Over production of nitric oxide (NO) by inducible nitric oxide synthase (iNOS) plays an important role in systemic vasodilation in septic shock. Although volatile anesthetics have been reported to attenuate NO release by iNOS, it is unclear whether inhalational anesthetics affect on iNOS gene expression. In this study, we have investigated the effect of isoflurane and sevoflurane on iNOS protein expression and protein kinase C (PKC) activity in lipopolysaccharide (LPS)-treated murine peritoneal macrophages.

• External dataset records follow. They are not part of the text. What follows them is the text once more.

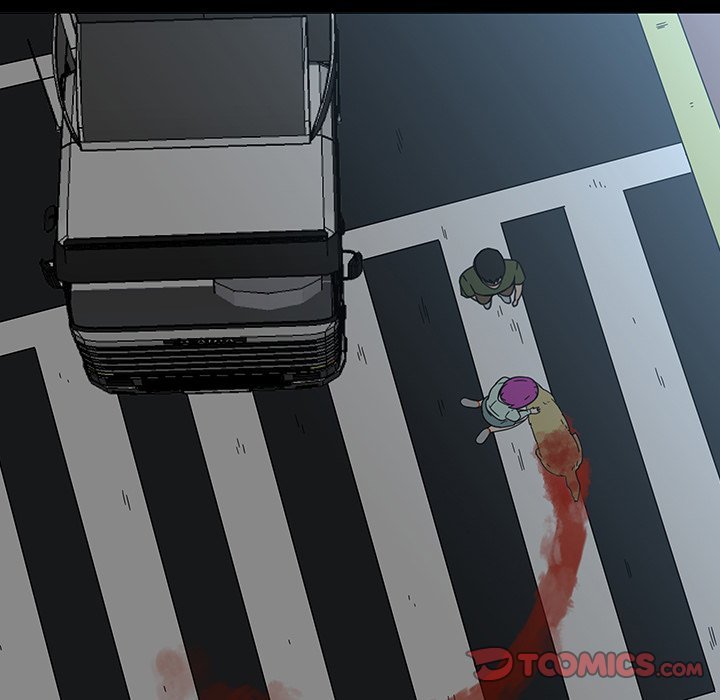 The non Smoker Manhwa - Chapter 72 Page 25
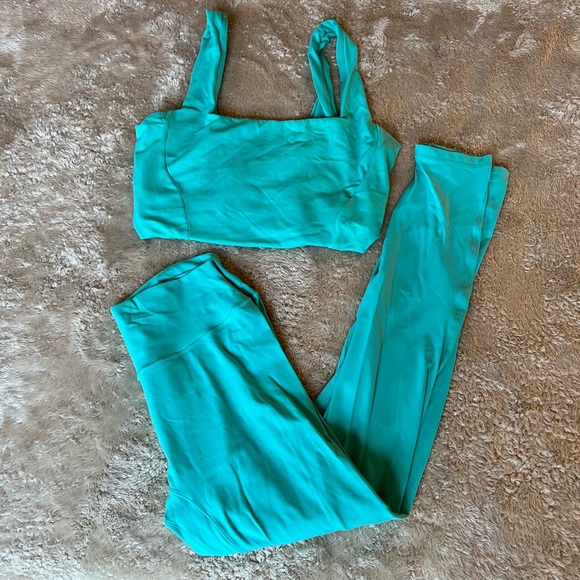 stori Pants - Stori set 🦋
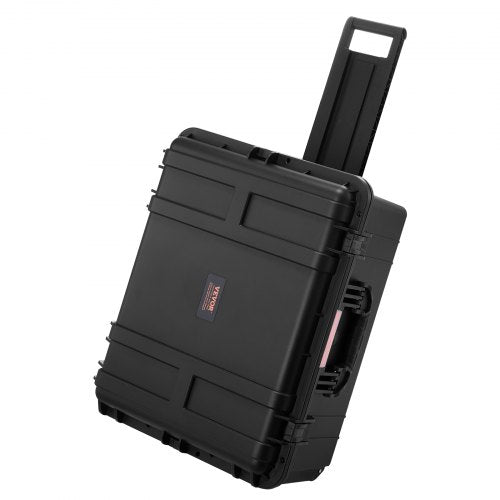 Weatherproof Hard Case Heavy Duty Protective Dry Box Case with PreCut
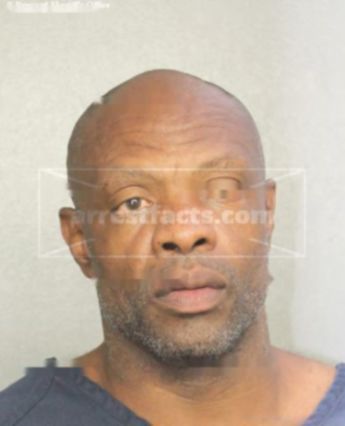 Michael Lamar Reddick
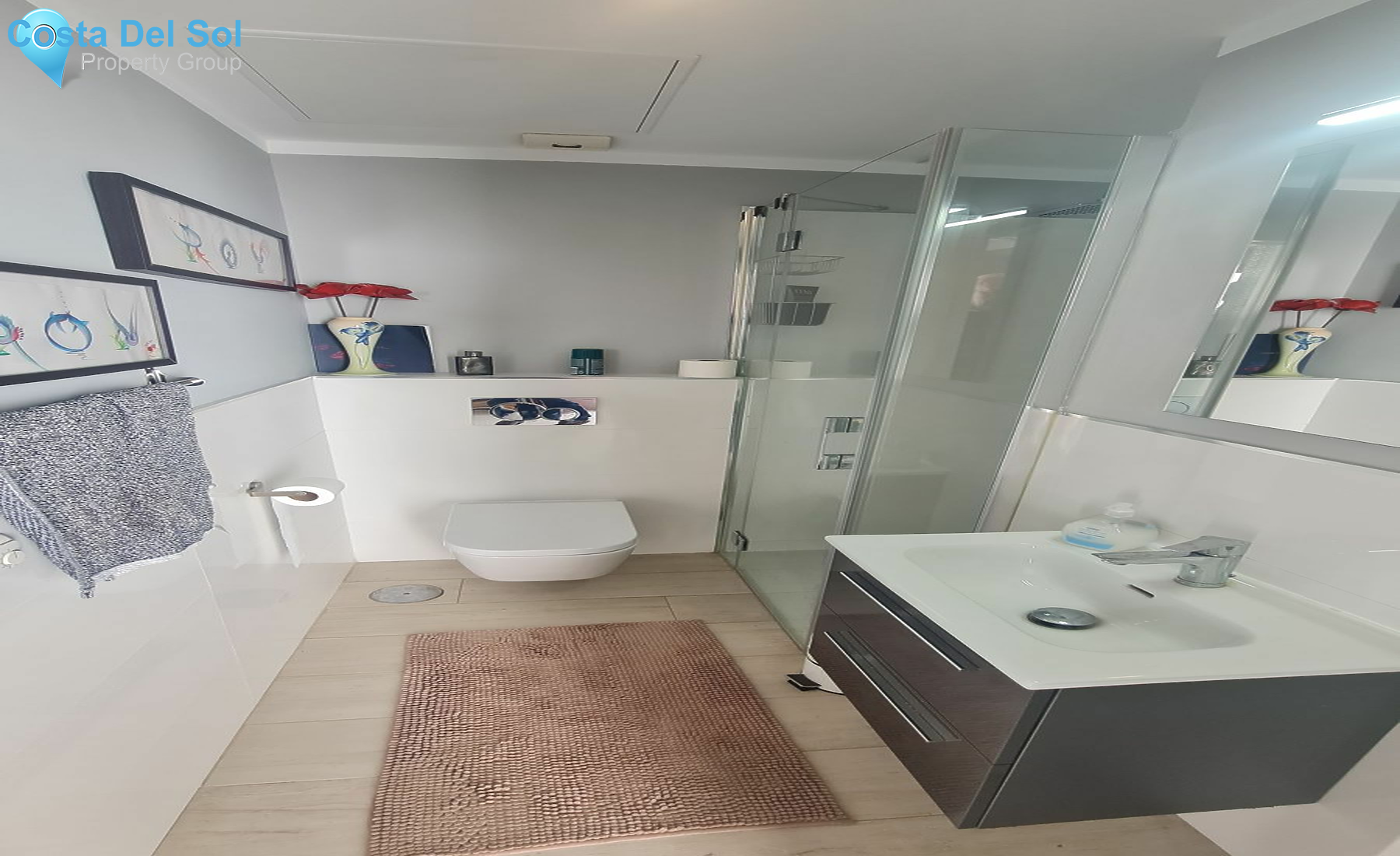 Townhouse in La Cala de Mijas-1137142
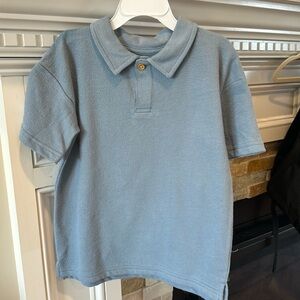 Toddler boy shirt. New with tags. Smoke free/ pet free home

Methods : Macrophages were obtained from mice (female C3H/HeN, 6W) with thioglycolate i.p. injection. Cells (10^6/ml) were plated in dishes (O.D. 60mm) and incubated with LPS (10μg/ml) in the box containing 0, 1 or 3MAC isoflurane or sevoflurane with 5% CO_2 for 24h at 37℃. NO amount in 10μl supernatants were measured by NO analyzer (SIEVERS). Cell lysates with 2% SDS Tris Buffer were subjected to SDS-PAGE and iNOS protein was detected at 130 KDa by Western blot analysis with the ant i-iNOS antibody. PKC activity was measured with PKC Assay System^<TM> (Amersham Pharmacia Biotech) and ^<32>P ATP after 2h incubation with 0 or 3MAC of each anesthetics. INOS expression and PKC activity were shown as percent of levels expressed in OMAC. Data were expressed as mean±SD.
Results : Both isoflurane and sevoflurane reduced NO accumulation by LPS (465.5±64.0, 604.8±17.0pmol) at 3MAC (158.4±28.8, 533.5±20.30pmol). iNOS protein expression was also decreased at 3MAC of isoflurane and sevoflurane (28.7±1.5, 57.2±4.4%). At 1MAC, both volatile anesthetics did not affect NO accumulation, whereas, iNOS protein expression was stimulated (112.3±1.2,135.1±1.8%). PKC was activated by isoflurane and sevoflurane at 3MAC (160.5±14.8, 135.0±7.1%).
Conclusions : Isoflurane and sevoflurane significantly reduced iNOS protein levels and NO release in LPS-treated macrophages at 3MAC, partly by PKC activation, Whereas, this inhibitory effect could not be observed at 1MAC concentrations, volatile anesthetics differentially modulate iNOS gene expression at concentrations.